The company, founded in 1965 as a mail-order business, got its start selling dental clamps, dovetail saws and other specialty tools. It soon expanded to novelty items including “un-dullable” kitchen knives and self-watering plant pots, and in 1973 opened its first physical location, in New Hampshire. In the decades since, Brookstone became a staple of U.S. malls, offering shoppers a distraction — and often, a resting place — as they milled about.
But in recent years, the business has struggled to keep up as more Americans shop online. Specialty stores have struggled, analysts said, as mainstream retailers such as Amazon.com and Target expand their selection of quirky gadgets and other novelties.
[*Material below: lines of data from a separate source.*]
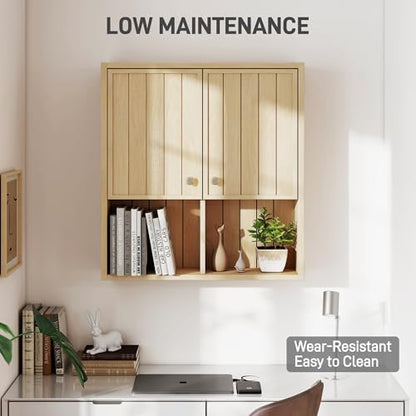 Bathroom Storage Cabinet Wall Mounted, Pre-Assembled Wood Medicine Cabinet with 2 Doors, Slim Hanging Wall Cabinet Over The Toilet for Small Spaces, Modern Farmhouse Style,Natural Oak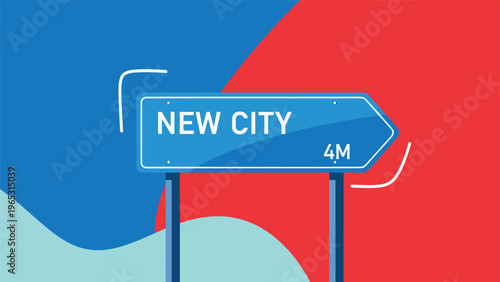 Blue road sign pointing towards a new city located four miles away over an abstract background of bright red and blue fluid shapes.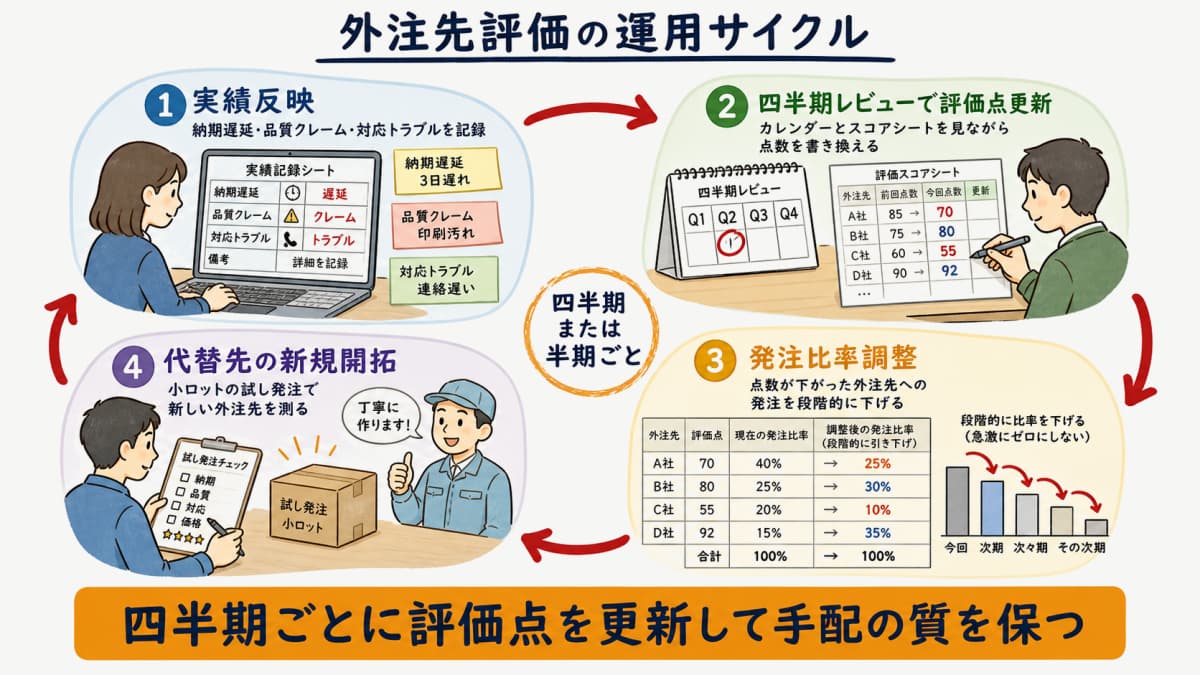 実績反映から四半期レビューでの評価点更新と発注比率調整と代替先開拓へ続く外注先評価の運用サイクル図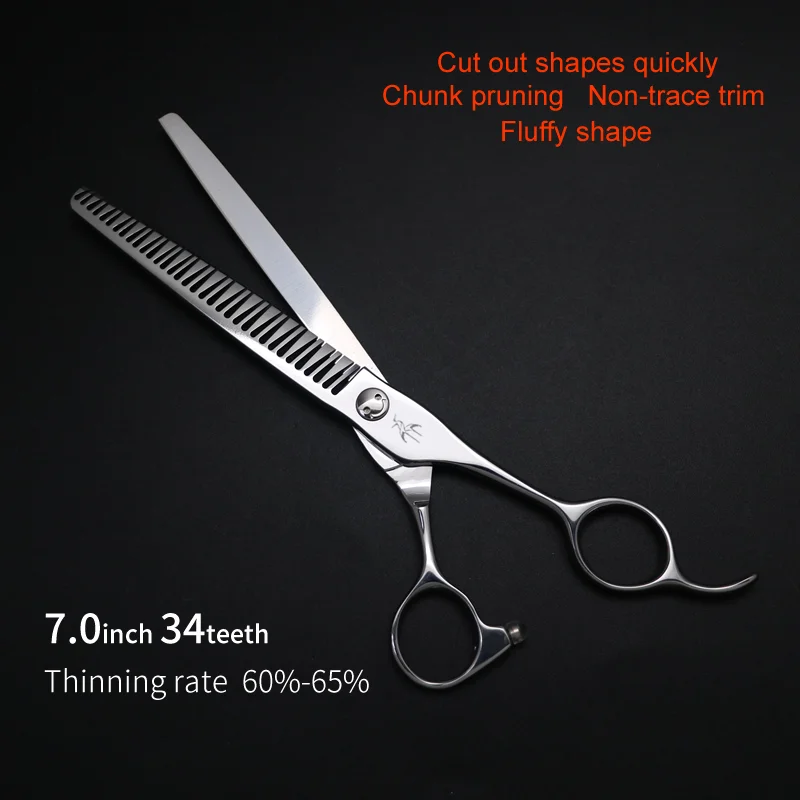 Imagem -04 - High-end Pet Scissors Grupo Aço Dog Grooming Cut Reto Curvo Chunker Thinning Shears Guindaste 7.0 7.5 Ats314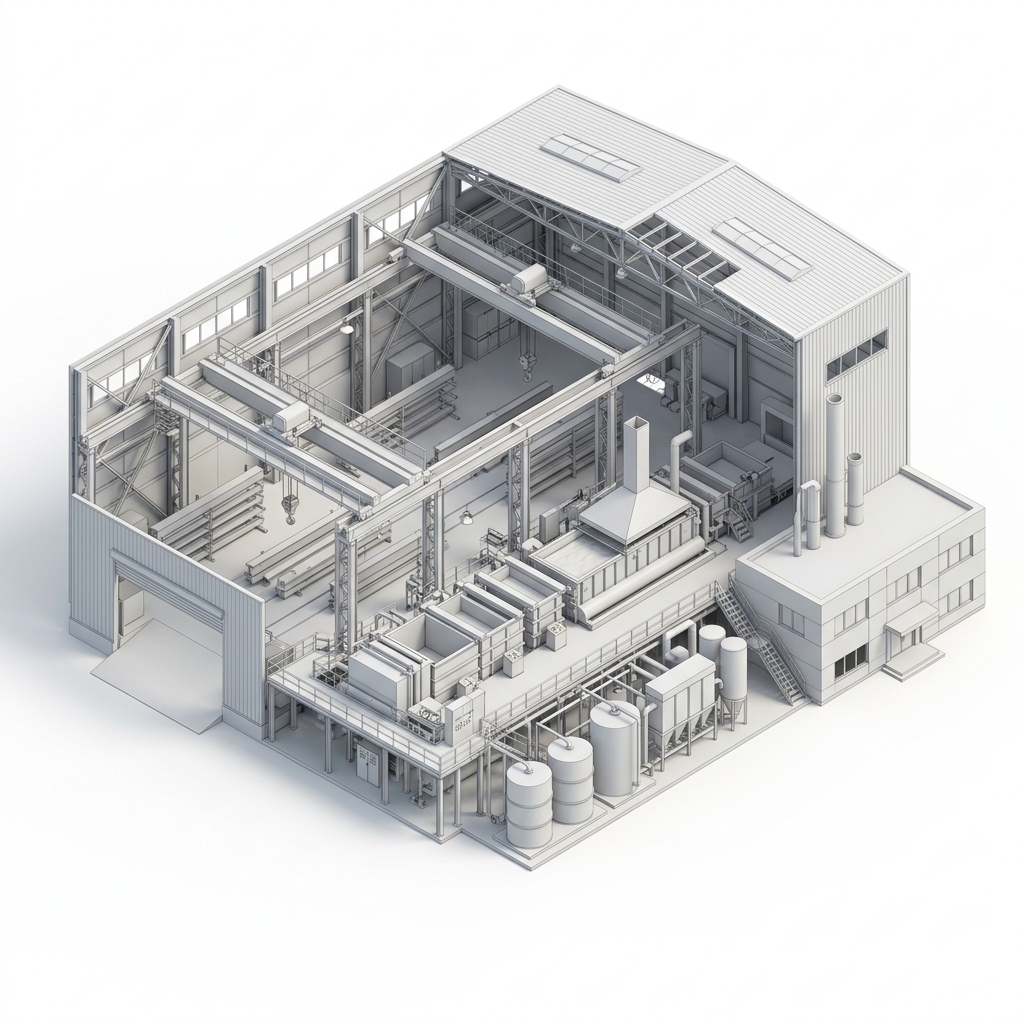 Galvanizing Plants miniature 3D architectural model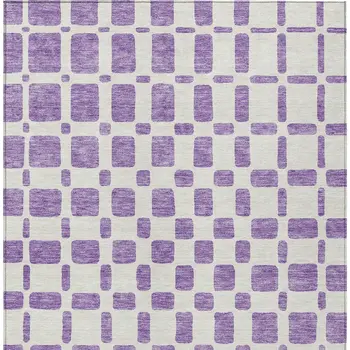 5' X 8' Purple And Ivory Geometric Washable Indoor Outdoor Area Rug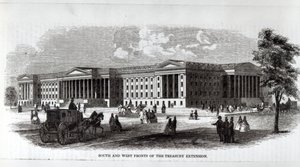 South and West Fronts of the Treasury Extension, fra 
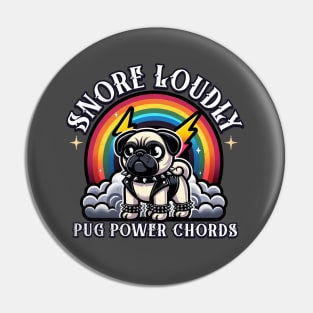 Pug Rock Heavy Metal Pin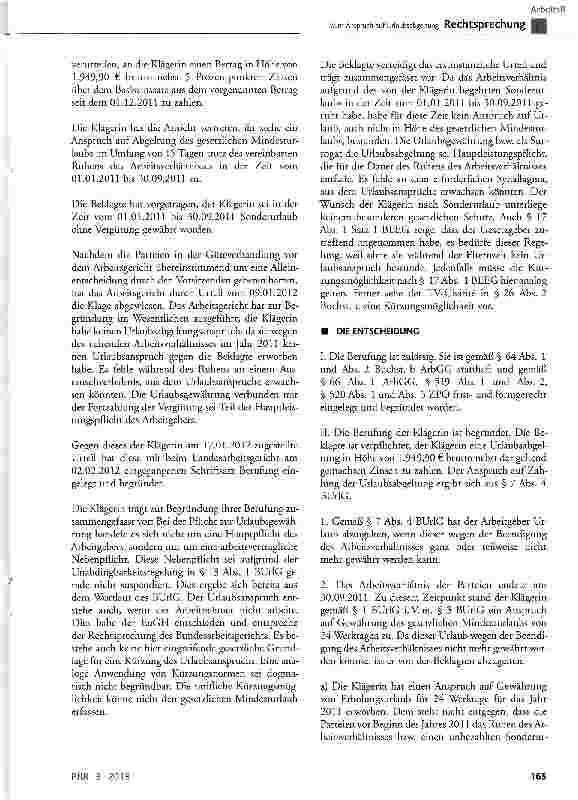 Vorschauseite 2: Zum Anspruch auf Urlaubsabgeltung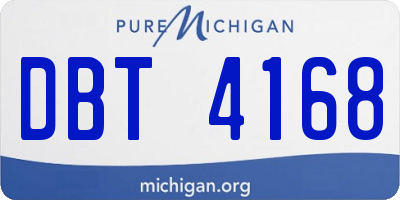 MI license plate DBT4168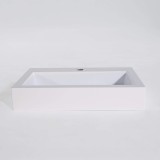 Rechthoekige opbouw waskom van keramiek, glanzend wit – Odon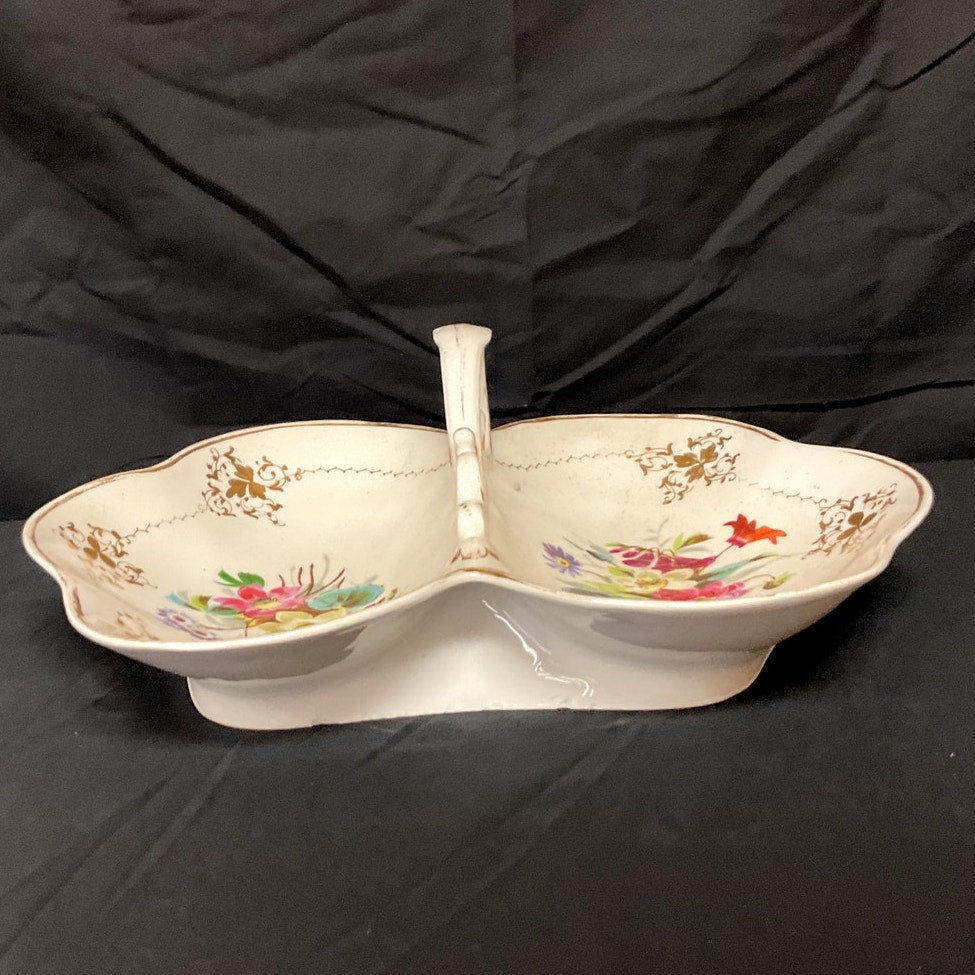 Vintage Porcelain Two Compartment Handled Relish Serving Dish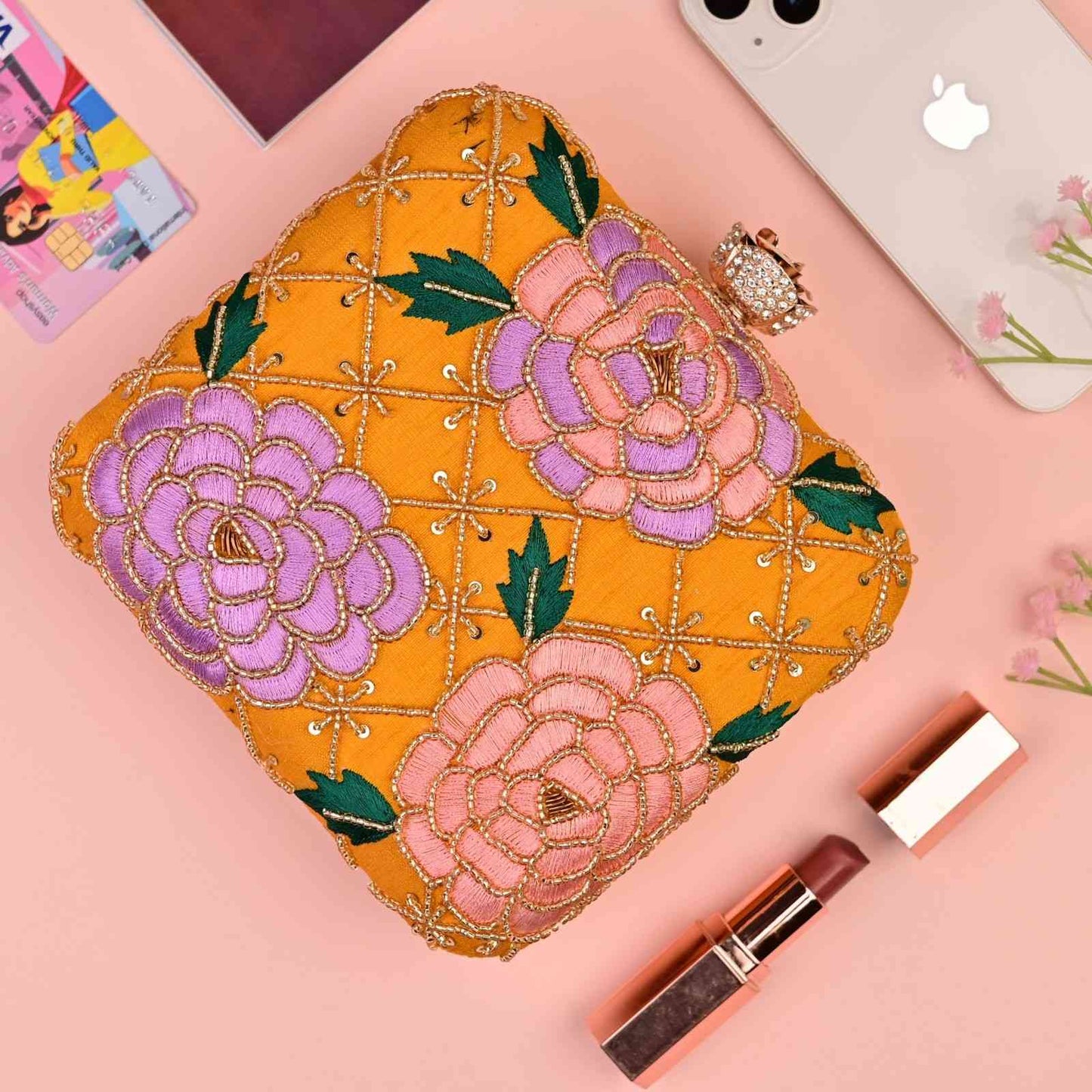 Designer Yellow Floral Embroidered Box Clutch Bag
Brookstone competitor Sharper Image filed for bankruptcy in 2008, while mail-order business SkyMall followed suit in 2015. (Jeffrey P. Bezos, the founder and chief executive of Amazon, owns The Washington Post.)
“Brookstone was quite innovative in their day in a category that’s become ubiquitous,” said Mark Cohen, director of retail studies at Columbia Business School and the former chief executive of Sears Canada. “Customers today go into a Brookstone and say, ‘Hey, this is cool.' And then they check their phones and see that Amazon is selling 12 variations of that item, often for less money."
Although the retailer has helped launch several household brands, including Tempur-Pedic, iRobot and Fitbit, it was unable to capitalize on the success of those products, said Sucharita Kodali, a retail analyst for Forrester Research. “Anytime Brookstone had a bestseller, it got commoditized and sold by competitors,” she said. “Honestly, I’m shocked they’ve been around for as long as they have.”
In its bankruptcy filing, Brookstone cited debts of up to $500 million against assets of $50 million to $100 million.
Several mall retailers, including Nine West, Claire’s and Gymboree, have filed for bankruptcy in the past year, as heavy debt loads and increased competition continue to batter the industry.